◆ HOW TO COMPLETE THIS TASK: The required output is all lines below that contain the word "Stock".

◆ EXERCISE MATERIAL:
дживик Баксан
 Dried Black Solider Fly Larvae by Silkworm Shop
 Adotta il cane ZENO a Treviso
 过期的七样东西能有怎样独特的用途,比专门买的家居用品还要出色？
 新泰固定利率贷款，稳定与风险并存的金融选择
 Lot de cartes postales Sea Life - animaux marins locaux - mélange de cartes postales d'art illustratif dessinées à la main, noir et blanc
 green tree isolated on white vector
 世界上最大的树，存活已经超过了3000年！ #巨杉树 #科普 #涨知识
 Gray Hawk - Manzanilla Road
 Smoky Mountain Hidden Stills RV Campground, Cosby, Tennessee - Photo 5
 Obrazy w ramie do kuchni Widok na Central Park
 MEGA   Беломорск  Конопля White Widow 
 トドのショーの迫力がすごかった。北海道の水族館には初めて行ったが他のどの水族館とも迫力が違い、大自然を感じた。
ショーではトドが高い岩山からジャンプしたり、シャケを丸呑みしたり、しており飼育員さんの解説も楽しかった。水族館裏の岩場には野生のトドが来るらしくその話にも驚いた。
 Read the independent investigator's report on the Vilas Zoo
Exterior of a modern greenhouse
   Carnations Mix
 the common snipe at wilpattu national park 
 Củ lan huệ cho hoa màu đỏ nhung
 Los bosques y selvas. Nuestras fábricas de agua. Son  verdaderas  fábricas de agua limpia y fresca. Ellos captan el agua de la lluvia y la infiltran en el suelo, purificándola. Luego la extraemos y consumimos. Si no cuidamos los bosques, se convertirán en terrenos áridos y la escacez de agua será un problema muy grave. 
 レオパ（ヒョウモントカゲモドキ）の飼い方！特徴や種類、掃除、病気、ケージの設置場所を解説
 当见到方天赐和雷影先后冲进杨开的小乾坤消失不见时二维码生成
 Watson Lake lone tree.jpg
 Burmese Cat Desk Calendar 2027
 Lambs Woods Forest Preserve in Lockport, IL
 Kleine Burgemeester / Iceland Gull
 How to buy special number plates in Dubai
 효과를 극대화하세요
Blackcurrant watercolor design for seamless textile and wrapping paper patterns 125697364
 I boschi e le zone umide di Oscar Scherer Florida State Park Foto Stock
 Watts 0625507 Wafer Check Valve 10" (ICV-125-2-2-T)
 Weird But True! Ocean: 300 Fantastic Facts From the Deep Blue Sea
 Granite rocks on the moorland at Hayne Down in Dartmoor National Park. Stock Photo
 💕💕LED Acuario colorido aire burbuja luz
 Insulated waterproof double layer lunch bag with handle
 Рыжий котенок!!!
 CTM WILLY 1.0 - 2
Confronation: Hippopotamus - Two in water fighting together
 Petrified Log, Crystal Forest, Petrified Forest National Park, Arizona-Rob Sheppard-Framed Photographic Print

◆ RESULT OF THE TASK:
 I boschi e le zone umide di Oscar Scherer Florida State Park Foto Stock
 Granite rocks on the moorland at Hayne Down in Dartmoor National Park. Stock Photo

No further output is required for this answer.